- **Task to complete**: Please copy out the full listing that follows exactly; no picture belongs in the copy.

- **Data section**:

────────────────

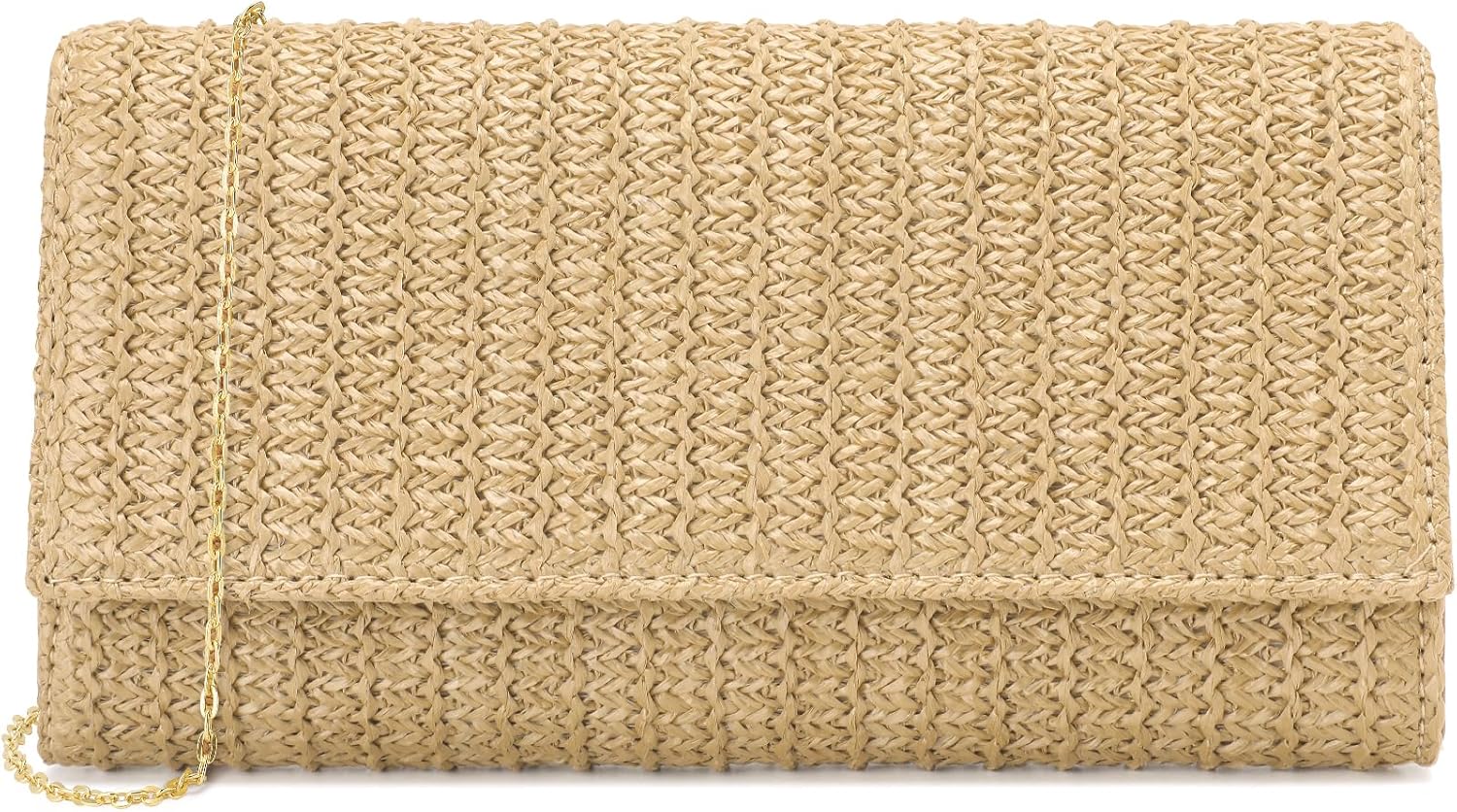 Clutch Purses for Women, Top Handle Straw Purse Handbags, Summer Shoulder Crossbody Bag, Woven Beach Bags Purses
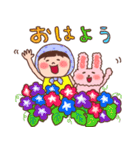 ほっかむり花ちゃんの夏の毎日11（個別スタンプ：10）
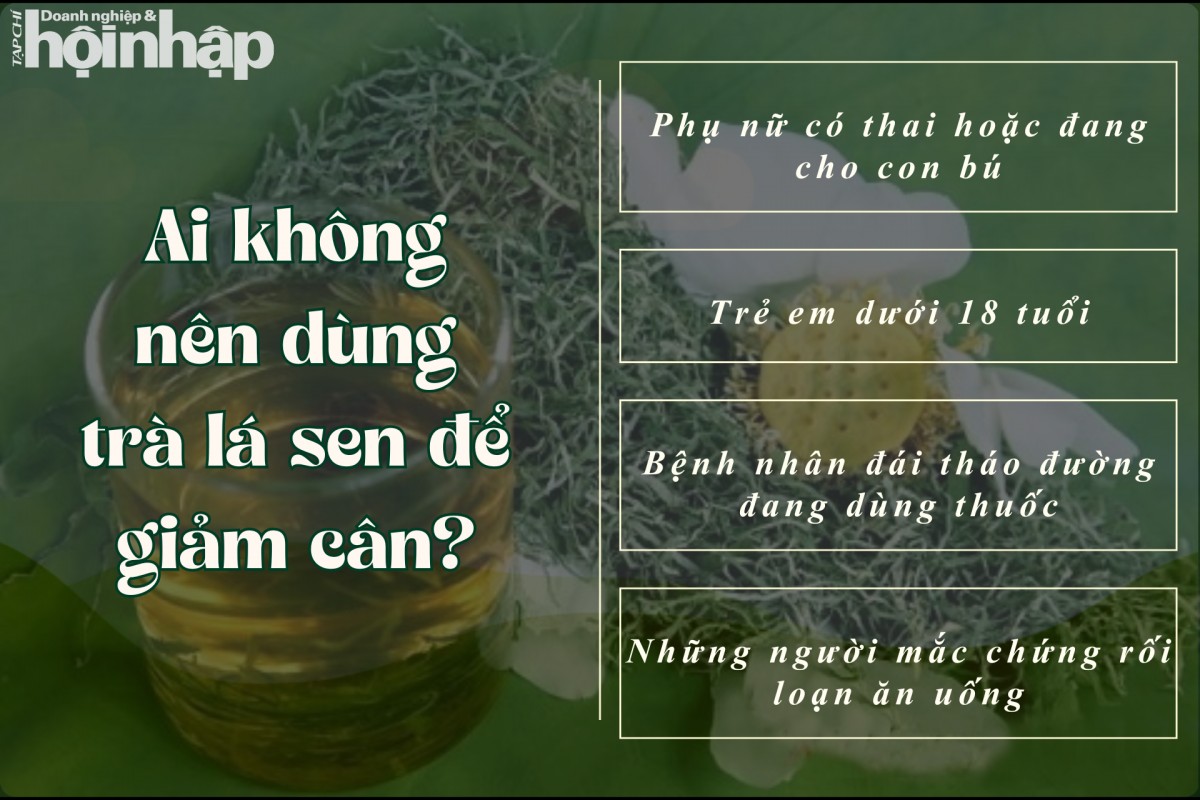 Ai không nên dùng trà lá sen để giảm cân?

────────────────

- **Answer space**:
 Clutch Purses for Women, Top Handle Straw Purse Handbags, Summer Shoulder Crossbody Bag, Woven Beach Bags Purses
 ほっかむり花ちゃんの夏の毎日11（個別スタンプ：10）
 Ai không nên dùng trà lá sen để giảm cân?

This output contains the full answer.